Exactly.
By the way, this is all a form of synesthesia. I assign colors to numbers and letters (4 is green, 1 and 3 are blue, 2 is yellow), but not so much personalities. Except 9 - he’s a tall, gentlemanly type, overly formal with a top hat and British accent.
I totally get this. I said “matronly and sensible” but I could have added “party pooper” for the same reason you describe. With 10 you get a nice even decrease / increase but 9 makes it feel like you lost something, even if it can’t be helped. Like your mother used to tell you.
I have long considered π to be pretentious, trying to convince us that it is far more mysterious and interesting than it really is.
e exudes a sort of strong self-confidence.
That τ number (or what ever the right symbol is, for “1/τ = τ + 1”) is playful.
c is bold and likes to play with itself.
Avogadro’s Number is stoic and indifferent.
ħ is shy and retiring.
א is daring and challenging.
This is fun, in an irrational sort of way.

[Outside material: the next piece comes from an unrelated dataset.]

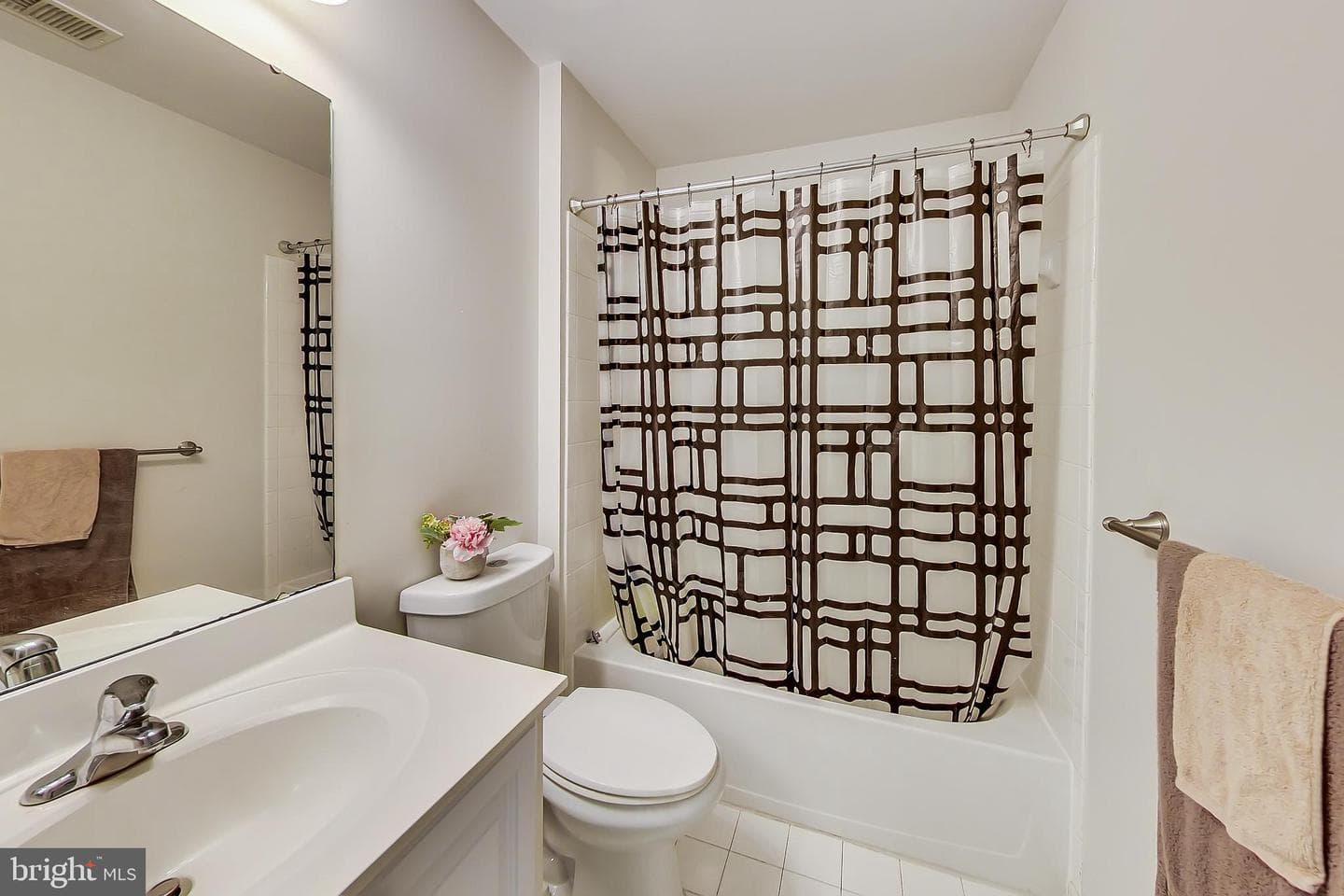 6005 Abernethy Lane photo 34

I got on a Sudoku kick for a while, so I bought a book of them.
In that particular book, 6 was a sneaky bastard that made me use up my eraser, every time. I was fond of 4, but didn’t care much for 8. And 9 was so funny, it wasn’t funny.

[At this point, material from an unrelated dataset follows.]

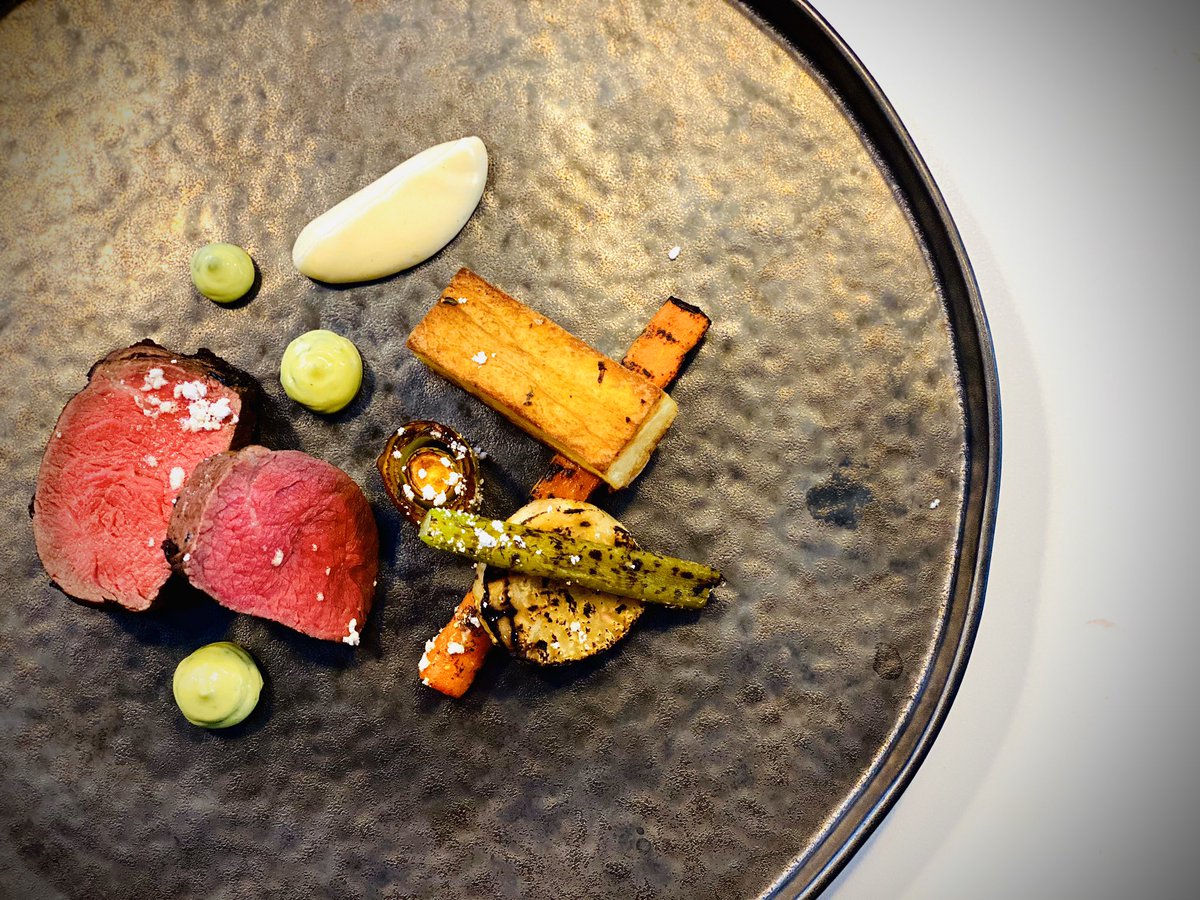 Magical wedding breakfast, West Country fillet of beef for one of our VIP weddings 👌🏻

Interesting. One of the reasons I started this was to see if anyone had similar perceptions of the digits to myself. The answer seems so far to be that there’s not much correlation. Which on one view is not unexpected. On another view I wondered if my perceptions were influenced by objective traits such as the fact that some digits are prime, some are even and some are odd and some are factors of others.

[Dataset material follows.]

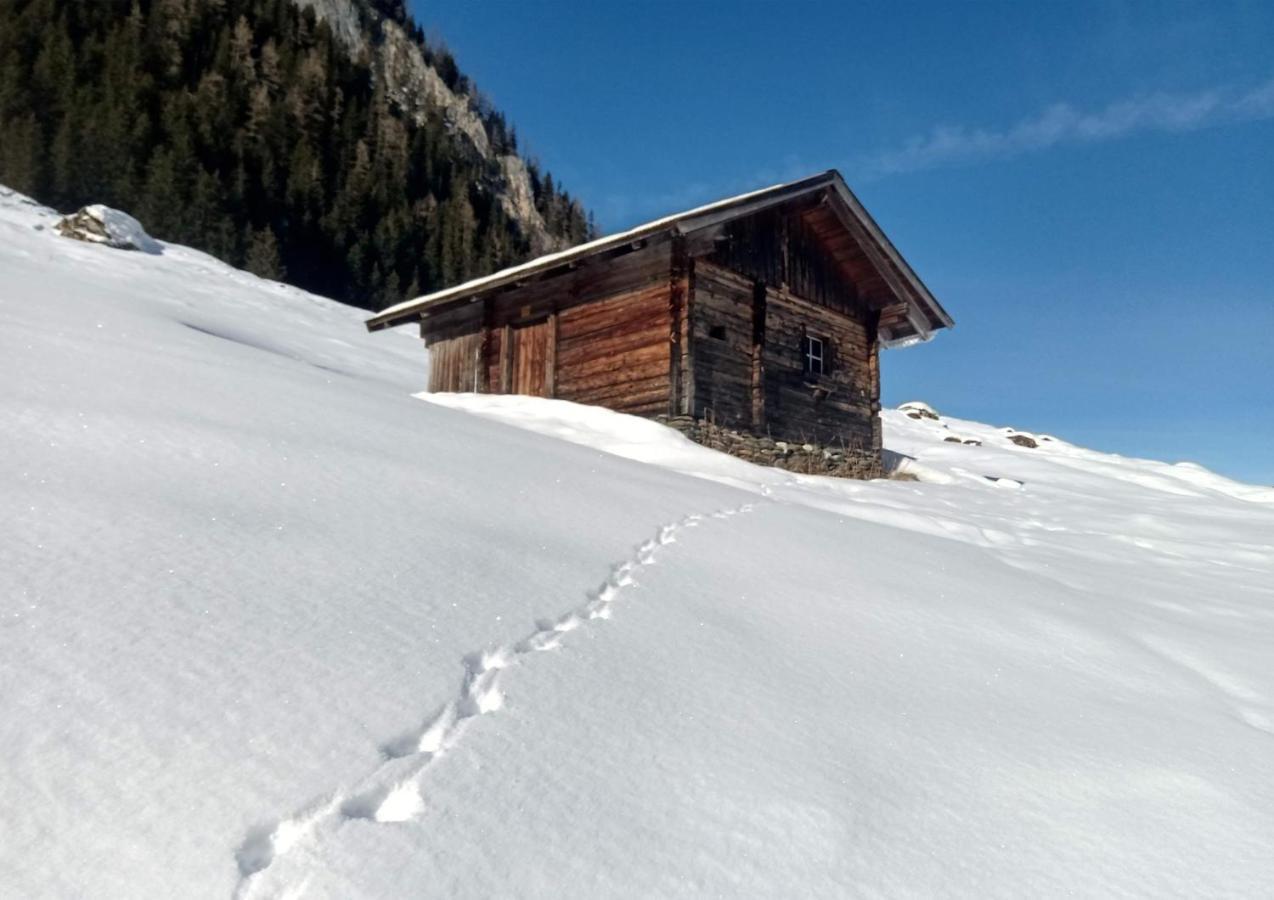 Appartamento Malvasia Apart Stumm Esterno foto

To be exact, the kind of synesthesia you have is ordinal linguistic personification:
Actually I think I just had ordinary amounts of childhood imagination and the vague anthropomorphisms I assigned to the numbers as I learned about them still come to mind.
I like that. I tried it (played ‘what’s the colour that pops into my head?’).
0 - green (not sure whether based on roulette or ‘being neutral’ - suspect neutral).
1 - black
2 - red
3 - yellow
4 - blue
5 - red
6 - Yellow
7 - green
8 - Orange
9 - nothing
10 - white
I think I used to, when I was younger. I also had, and still do a bit, associations with some letters. Like I think of C as a yellow letter. I think of it as being lemon or lemon cake tasting. And B is brown and kind of chocolately tasting. Like a brownie or chocolate cake. A is red, but more flavorless. E is green. I think M is red, too. N is orange. Maybe a little nutty tasting. W’s blue, kind of watery.
I don’t do this for 0-9, but I do it for some two-digit numbers. 25 is weak but determined, it never stops fighting for what’s right. It seems inspired by its cousin 75, a stronger version of the same. It needs to be strong, surrounded by shifty numbers like 71, 72, 73, 74, 76, and 77. 78 is okay, though. There are others, waaay too many to list, and not every number has an associated personality.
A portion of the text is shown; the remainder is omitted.